[Caption-style text data]
*****

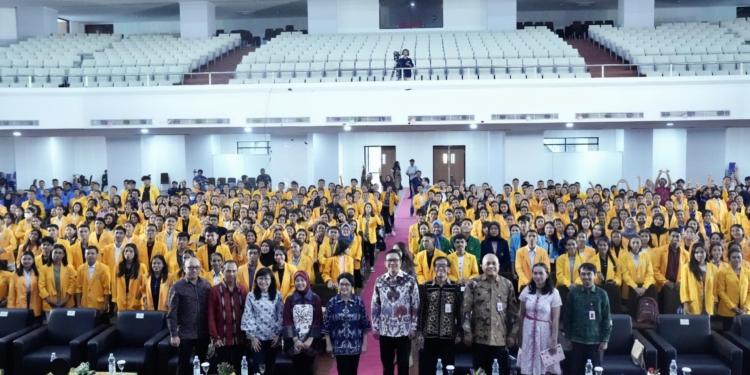 Perkuat Integritas Sektor Jasa Keuangan, OJK Gelar Roadshow di Kupang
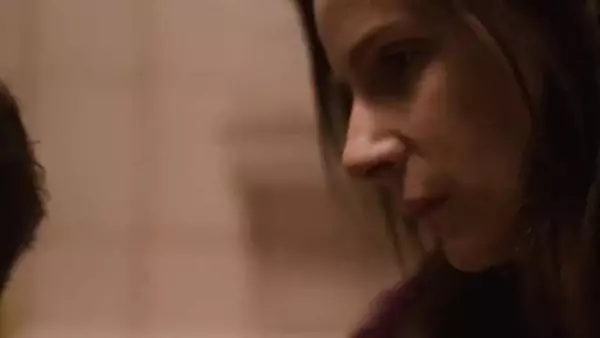 相差35岁的忘年恋，中年丧子的女人与少年的邂逅，是爱还是救赎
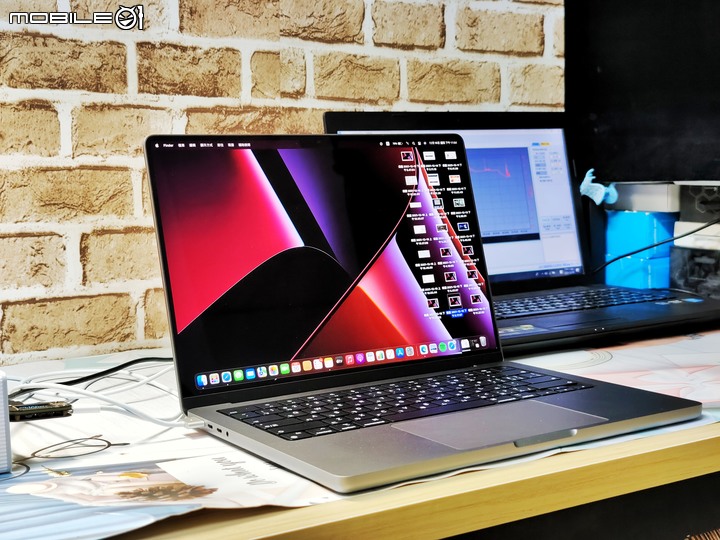 【 開箱 】MacBook Pro M1 Pro 使用心得分享 – 該怎麼選MacBook？充電器有必要升級嗎？
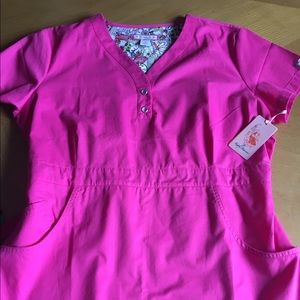 Koi scrub top nwt large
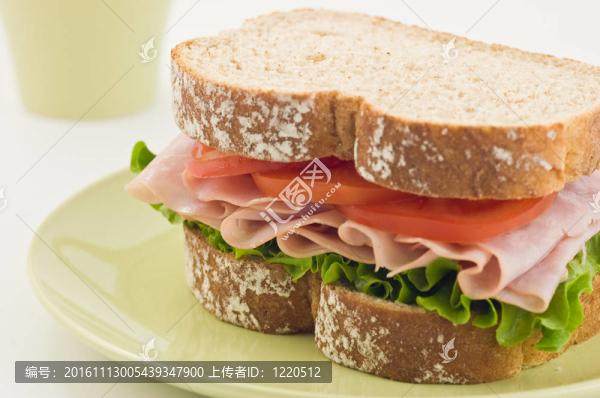 健康的火腿三明治
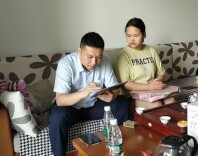 心贴心的服务 手握手的承诺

*****

[TASK] Repeat each line above exactly as it reads, omitting any pictures.

[ANSWER TO THE EXERCISE]
 Perkuat Integritas Sektor Jasa Keuangan, OJK Gelar Roadshow di Kupang
 相差35岁的忘年恋，中年丧子的女人与少年的邂逅，是爱还是救赎
 【 開箱 】MacBook Pro M1 Pro 使用心得分享 – 該怎麼選MacBook？充電器有必要升級嗎？
 Koi scrub top nwt large
 健康的火腿三明治
 心贴心的服务 手握手的承诺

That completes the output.